Best Practices for NFS Datastore

davewelsh · ‎08-17-2016

I'm trying to get some advice on how to best set up an NFS server to use with ESXi as a datastore. I took a stab at it with CentOS 7, but the performance is abysmal. I'm hoping someone can point out some optimization that I've overlooked, but I'm open to trying another free OS as well.

I have an old Dell PowerEdge T310 with a SAS 6i/r hard drive controller. I have two 2 TB hard drives and two 1 TB hard drives.
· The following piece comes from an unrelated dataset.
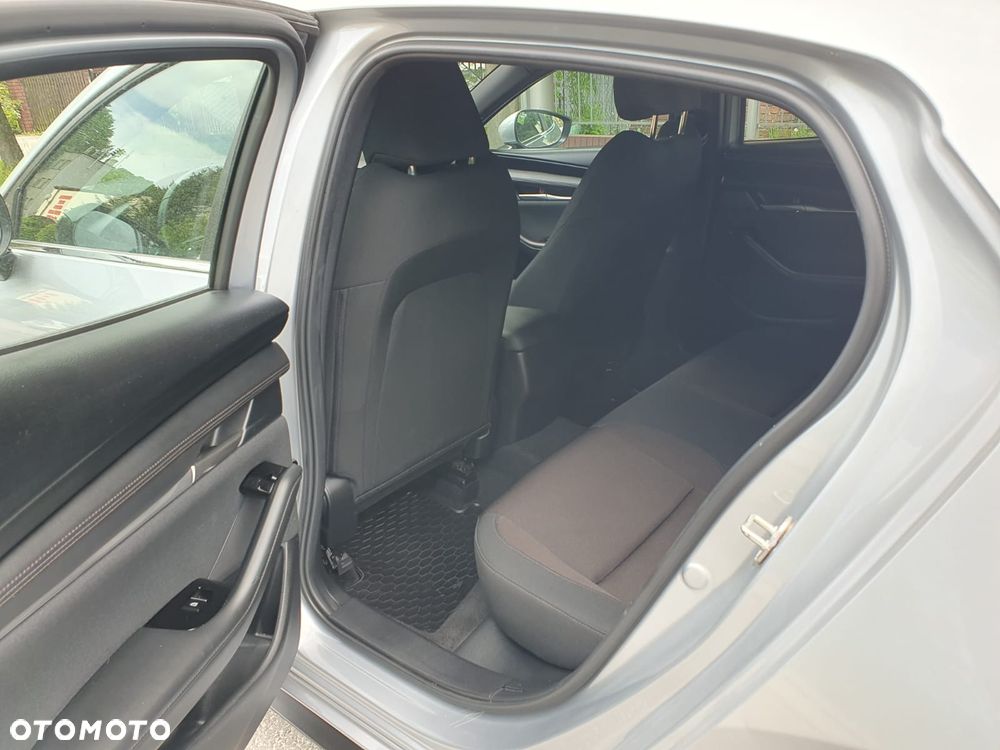 Mazda 3 SKYACTIV-G 2.0 M-Hybrid - 15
Due to the limitations of the SAS 6i/r controller, I have left the drives independent and went with software RAID 1 + LVM to get 3 TB of usable space like this:

# mdadm --create /dev/md0 --run --level=1 --raid-devices=2 /dev/sdd /dev/sde

# mdadm --create /dev/md1 --run --level=1 --raid-devices=2 /dev/sdf /dev/sdg

# vgcreate vg0 /dev/md0 /dev/md1

# lvcreate -l 100%VG -n lv0 vg0

Then I formatted the new LVM partition with XFS:

# mkfs.xfs /dev/vg0/lv0

I mounted this at /var/nfs and exported it with the following options:

# cat /etc/exports

/var/nfs 192.168.10.3(rw,no_root_squash,sync)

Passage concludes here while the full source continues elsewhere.